A chime sounded over the cabin intercom, followed by a woman’s voice advising that the gravity field generators had experienced a brief malfunction when the transport accelerated. Ollie rolled her eyes and kicked the bunk just hard enough to push herself in Neb’s direction. Whatever shakedown cruise this bucket had been on, they hadn’t accelerated beyond one tenth of light speed while the grav field was engaged. She’d heard stories from a pilot on her previous station: quality assurance officers ran specific checklists in specific orders to maintain “standards of excellence”, but the way that the checklists were sectioned out meant that certain systems didn’t get tested together. Experienced crew knew this and made the necessary adjustments when they took a new vessel on. Clearly this crew was as inexperienced as the ship itself. It wouldn’t be dangerous, really; all the big mistakes got corrected before operators left training. It would just be—she caught Neb and reflected them back toward the bunk—a bit turbulent.

Ollie reached a paw out and caught the wall above the bunk. Easing them down, she cradled the cat to her chest and hooked her heels underneath the frame of the mattress. Her tail, lashing behind her in agitated concentration, struck the sheets and threatened to send her sailing back across the room. She swallowed hard and forced her tail still. Mattress and butt met and she allowed herself to breathe again without worrying about tumbling back into the air.

Stroking her companion, she pressed her muzzle to the top of his head and whispered, “Sorry about that, bud. You okay?”

“Hrrrreh,” he responded. He struggled to get out of her arms.

“You think that’s a good idea? Grav’s still down.”

He grunted and pushed off, breaking her grip.

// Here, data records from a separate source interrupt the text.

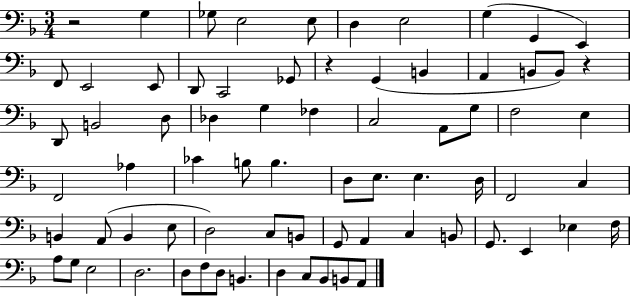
R/h G3/q Gb3/e E3/h E3/e D3/q E3/h G3/q G2/q E2/q F2/e E2/h E2/e D2/e C2/h Gb2/e R/q G2/q B2/q A2/q B2/e B2/e R/q D2/e B2/h D3/e Db3/q G3/q FES3/q C3/h A2/e G3/e F3/h E3/q F2/h Ab3/q CES4/q B3/e B3/q. D3/e E3/e. E3/q. D3/s F2/h C3/q B2/q A2/e B2/q E3/e D3/h C3/e B2/e G2/e A2/q C3/q B2/e G2/e. E2/q Eb3/q F3/s A3/e G3/e E3/h D3/h. D3/e F3/e D3/e B2/q. D3/q C3/e Bb2/e B2/e A2/e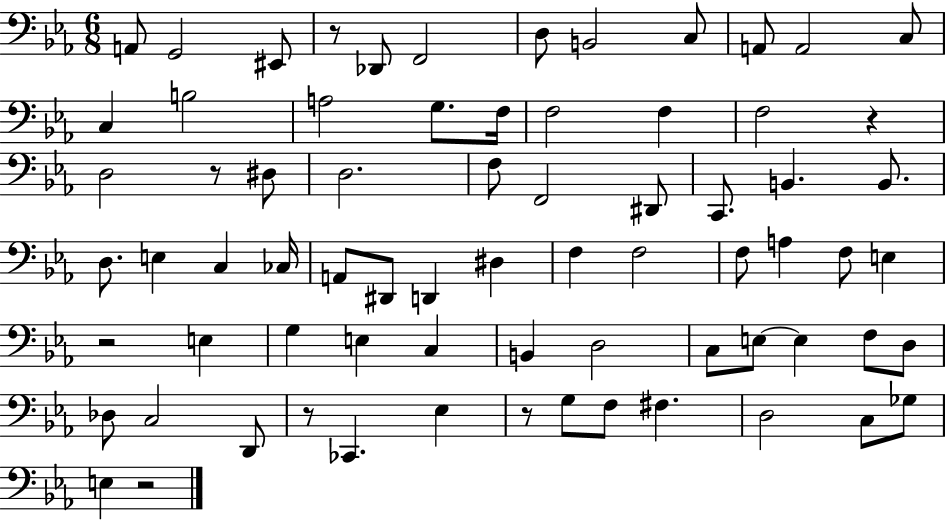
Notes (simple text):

A2/e G2/h EIS2/e R/e Db2/e F2/h D3/e B2/h C3/e A2/e A2/h C3/e C3/q B3/h A3/h G3/e. F3/s F3/h F3/q F3/h R/q D3/h R/e D#3/e D3/h. F3/e F2/h D#2/e C2/e. B2/q. B2/e. D3/e. E3/q C3/q CES3/s A2/e D#2/e D2/q D#3/q F3/q F3/h F3/e A3/q F3/e E3/q R/h E3/q G3/q E3/q C3/q B2/q D3/h C3/e E3/e E3/q F3/e D3/e Db3/e C3/h D2/e R/e CES2/q. Eb3/q R/e G3/e F3/e F#3/q. D3/h C3/e Gb3/e E3/q R/h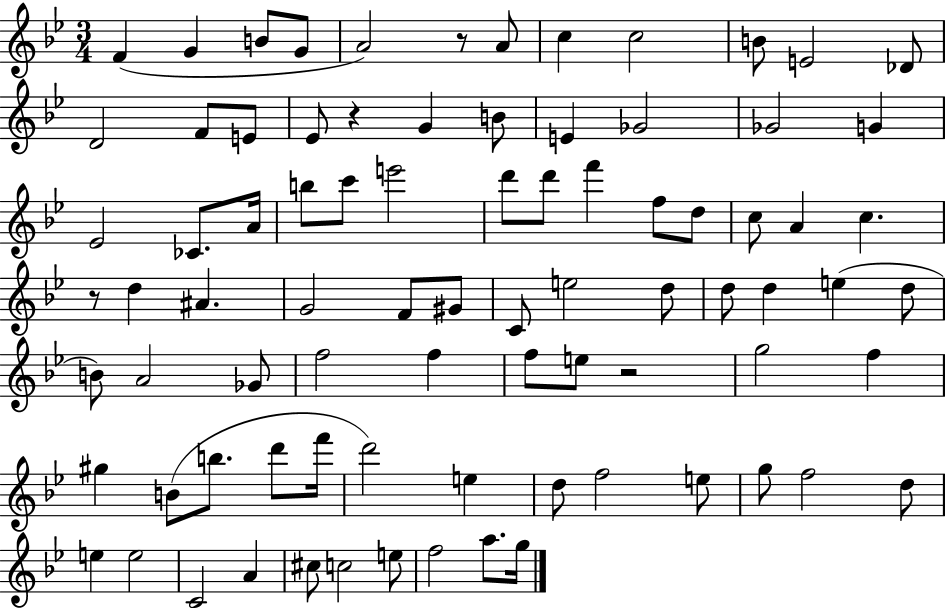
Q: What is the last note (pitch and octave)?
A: G5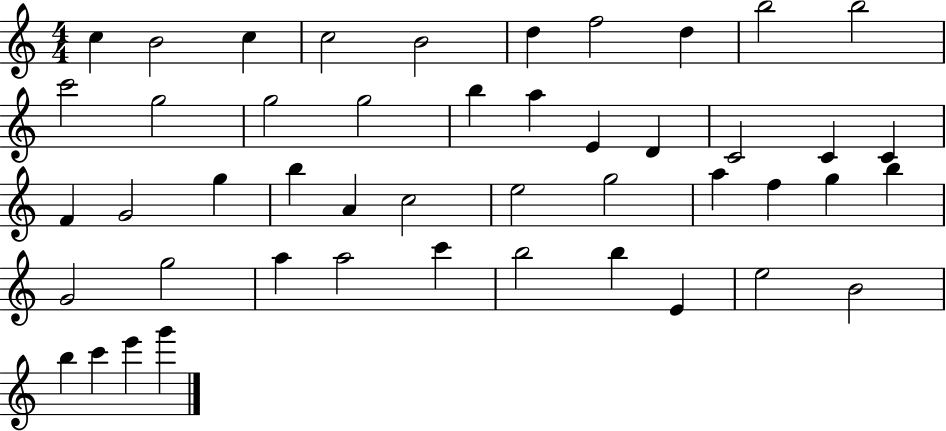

“Nebuchadnezzer, you asshole.”

His paws moved as if he were swimming, more controlled now that he had some momentum. His aim wasn’t bad either; she saw that he’d “leapt” for the pet carrier, where it floated against the far wall. He struck it off center and hung on with his claws. Carrier and cat bounced off of the wall and twirled across the cabin to the warbling groan of the latter. He scrambled into the opening of the carrier and crouched inside. The sensor on the unit recognized that it was occupied once more and initiated its onboard grav field. The bottom of the carrier snapped against the wall of the cabin, with him sitting comfortably inside.

Lucky bastard, she thought, frowning at the sideways cat and carrier. She reached out and took the handle, heels still hooked under the bunk. Pulling it down and setting it on the mattress, she patted the top.

“Well, that’s you taken care of,” she huffed. “Dunno what I’m gonna d—”

The grav field reengaged with a lurch and her organs sagged back down inside her. The weight of her body pushed up hard against her butt and the mattress springs complained.

She sighed. “Thank fuck they sorted that out.”

The lights flickered and went out. Ned let out a soft meow, questioning more than upset. Steps clattered down the corridor outside, interrupted by a loud clang and a curse. A few barked words from an impatient voice and the steps clattered off into the distance. The last things heard from the passageway was a communicator calling for repair status and more barking.

“This is gonna be a long fucking trip, bud,” she grumbled, falling back onto the bunk.